* Data records *
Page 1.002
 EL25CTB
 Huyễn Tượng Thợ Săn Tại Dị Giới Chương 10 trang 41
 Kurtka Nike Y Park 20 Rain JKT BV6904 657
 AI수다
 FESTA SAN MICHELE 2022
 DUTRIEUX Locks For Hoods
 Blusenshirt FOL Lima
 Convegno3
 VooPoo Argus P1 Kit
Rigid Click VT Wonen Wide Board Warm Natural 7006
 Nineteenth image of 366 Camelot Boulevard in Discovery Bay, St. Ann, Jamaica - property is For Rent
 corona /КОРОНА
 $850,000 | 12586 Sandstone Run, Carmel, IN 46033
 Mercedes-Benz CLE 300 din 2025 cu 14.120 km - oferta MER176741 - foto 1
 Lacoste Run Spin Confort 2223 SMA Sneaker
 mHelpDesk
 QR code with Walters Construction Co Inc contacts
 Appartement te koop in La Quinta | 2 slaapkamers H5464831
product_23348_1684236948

* Work item *
Reproduce without change every line of the entries above, from the one containing "Lacoste Run Spin Confort 2223 SMA Sneaker" through the last.

* Your response *
 Lacoste Run Spin Confort 2223 SMA Sneaker
 mHelpDesk
 QR code with Walters Construction Co Inc contacts
 Appartement te koop in La Quinta | 2 slaapkamers H5464831
product_23348_1684236948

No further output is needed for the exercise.